Frequently Asked Questions
Can I cook multiple dishes in the Instant Pot at the same event?
Yes, absolutely. The most efficient approach is to start with whatever takes the longest — usually a braise or a dried bean dish — and use the keep-warm setting to hold it while you run your second dish. For a large event, running two pots simultaneously is even better and cuts total cooking time significantly.
How far in advance can I make these recipes?
Most soups, stews, and braised dishes taste better made a day ahead and reheated. Dishes like chili, bolognese, pulled pork, and white bean soup all improve with an overnight rest as flavors meld and deepen. Simply cool them to room temperature, refrigerate overnight, and reheat gently using the sauté function or on the stovetop before serving.
What size Instant Pot is best for cooking for large groups?
An 8-quart Instant Pot is the practical sweet spot for crowd cooking. It allows you to comfortably double most standard recipes while staying within the safe fill line. Some dedicated event cooks use two 6-quart pots simultaneously, which offers more flexibility when making different dishes at once.
Is it safe to double or triple Instant Pot recipes?
Doubling is generally safe as long as you stay below the two-thirds fill line for most foods, or the half-fill line for foods that expand during cooking like beans, grains, and pasta. Never triple a recipe in a single pot — instead, run two batches or use two pots. Cook time stays the same when you double; only the pressurization time increases slightly.
What are the best Instant Pot dishes for a potluck?
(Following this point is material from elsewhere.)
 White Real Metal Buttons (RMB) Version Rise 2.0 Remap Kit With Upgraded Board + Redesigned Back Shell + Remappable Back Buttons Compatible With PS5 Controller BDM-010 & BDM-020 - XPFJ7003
Dishes that hold well at temperature and transport easily are the best potluck choices. Pulled pork, chili, chicken tikka masala, and soups all hold beautifully in the pot’s keep-warm function during transport. Avoid anything with a delicate texture — like risotto or fresh pasta — that gets soggy or stodgy over time. For more potluck-specific inspiration, 27 Slow Cooker Potluck Dishes has great crossover ideas.
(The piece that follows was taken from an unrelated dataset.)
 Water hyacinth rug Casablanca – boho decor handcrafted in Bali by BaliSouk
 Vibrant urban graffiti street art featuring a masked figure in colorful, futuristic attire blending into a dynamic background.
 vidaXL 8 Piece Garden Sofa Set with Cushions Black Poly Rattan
The Bottom Line on Cooking for a Crowd
Feeding a large group doesn’t have to feel like a logistical ordeal, and these 17 recipes prove it. The Instant Pot gives you consistent results, frees you from babysitting the stove, and produces the kind of food that makes people genuinely happy to be at your table. Whether you lean toward the pulled pork, build your whole event around a taco bar, or quietly let the white bean soup steal the show from the vegetable station, every recipe here has been picked because it actually delivers.
Start with one or two recipes from this list at your next gathering. Pay attention to how much easier the prep and execution feel compared to stovetop or oven methods, and let that build your confidence. Once you’ve run a few of these for a crowd, you’ll stop dreading the “can you cook for everyone?” question and start looking forward to it.
That’s the whole point, really — cooking for people you care about shouldn’t cost you the entire day. Now go make something good.